Aquelas palavras tocaram fundo no coração de Célia. Ela começou a chorar, as lágrimas começaram a escorrer pelo rosto, timidamente, depois com mais força. Célia nada disse, levantou-se e apertou a mão do senhor, abriu a pequena bolsinha que carregava e tirou algumas notas de dinheiro, de algum valor, pois nas outras noitadas tinha encontrado um cliente muito generoso que lhe dera um pouco mais do que os outros. O senhor abanou a cabeça negativamente e mandou-a embora. Célia estava cansada, envergonhada de si mesma. Fez sinal para o primeiro táxi que encontrou. Ao chegar a casa tomou um banho, foi para a cozinha preparar o café. A mãe ainda estava dormindo, quando sentiu o cheiro do café que Célia preparava.
Alguns meses se passaram, Célia mudou de vida. Arranjou um emprego, largou as péssimas amizades como Lilian e estava muito satisfeita com seus planos para o futuro. Certa tarde de domingo teve vontade de procurar o senhor que encontrava naquela madrugada, foi até o mesmo local ficou andando por ali, mas não o encontrou.
Voltou muitas vezes no mesmo local, até que uma noite de sexta-feira foi até lá encontrou outras pessoas por lá, inclusive um mendigo. Começou a conversar com ele, e contou-lhe como aquele senhor naquela madrugada tinha-lhe ajudado com seus conselhos.

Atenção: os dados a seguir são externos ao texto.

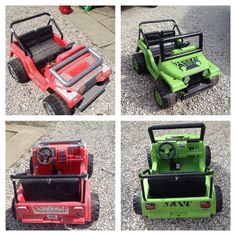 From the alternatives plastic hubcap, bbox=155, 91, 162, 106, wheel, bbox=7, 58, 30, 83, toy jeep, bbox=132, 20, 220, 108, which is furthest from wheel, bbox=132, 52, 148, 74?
wheel, bbox=7, 58, 30, 83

Fez a descrição detalhada para o mendigo, ele sorriu mostrando-lhe a boca cheia de dentes podres e naquele sorriso ela pode ver a semelhança com o senhor que lhe aconselhou. Perguntou-lhe: - “É você?” o mendigo, sorriu, levantou-se e acenou adeus com uma das mãos e disse-lhe: “voltarei sempre que você precisar, não precisa me procurar, eu sempre sei onde você está”.